*** Opening of Source material ***

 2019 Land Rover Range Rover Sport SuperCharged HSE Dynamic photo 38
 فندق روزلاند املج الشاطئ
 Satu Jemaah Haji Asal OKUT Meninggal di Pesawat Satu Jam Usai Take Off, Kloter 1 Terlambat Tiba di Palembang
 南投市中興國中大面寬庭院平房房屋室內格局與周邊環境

*** Close of Source material ***
*** Opening of Source material ***

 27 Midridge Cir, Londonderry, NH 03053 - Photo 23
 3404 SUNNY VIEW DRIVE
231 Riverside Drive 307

*** Close of Source material ***
*** Opening of Source material ***

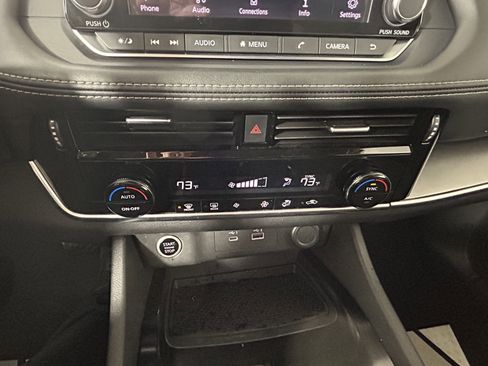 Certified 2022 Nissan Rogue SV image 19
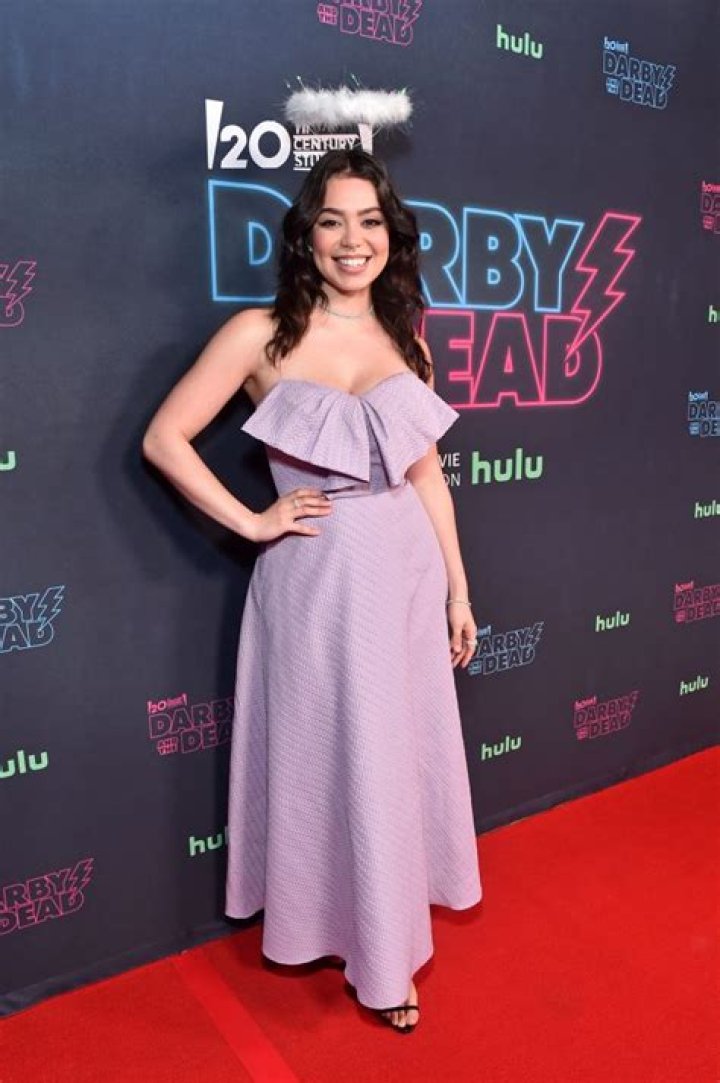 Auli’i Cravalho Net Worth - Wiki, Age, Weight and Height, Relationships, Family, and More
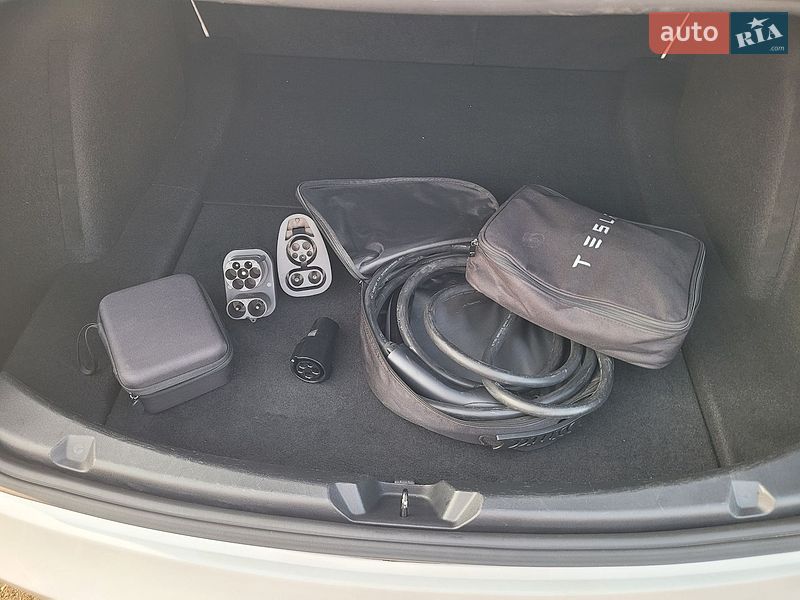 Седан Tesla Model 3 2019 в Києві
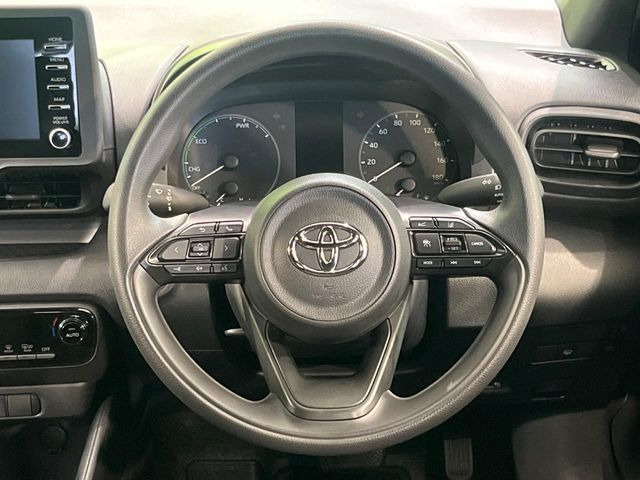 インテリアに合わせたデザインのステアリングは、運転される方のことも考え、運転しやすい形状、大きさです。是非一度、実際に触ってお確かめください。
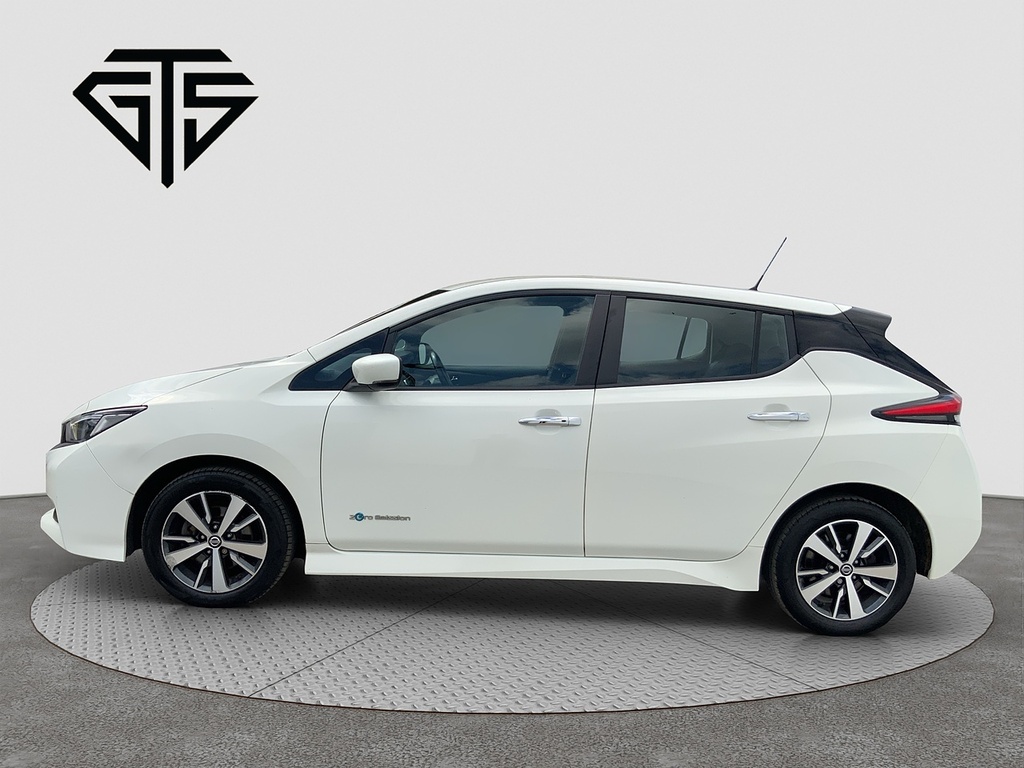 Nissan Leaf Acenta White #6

*** Close of Source material ***

Look in the material above for the line with "2019 Land Rover" and the line with "南投市中興國中大面寬庭院平房房屋室內格局與周邊環境", and transcribe exactly those lines and all lines between them, nothing more.

 2019 Land Rover Range Rover Sport SuperCharged HSE Dynamic photo 38
 فندق روزلاند املج الشاطئ
 Satu Jemaah Haji Asal OKUT Meninggal di Pesawat Satu Jam Usai Take Off, Kloter 1 Terlambat Tiba di Palembang
 南投市中興國中大面寬庭院平房房屋室內格局與周邊環境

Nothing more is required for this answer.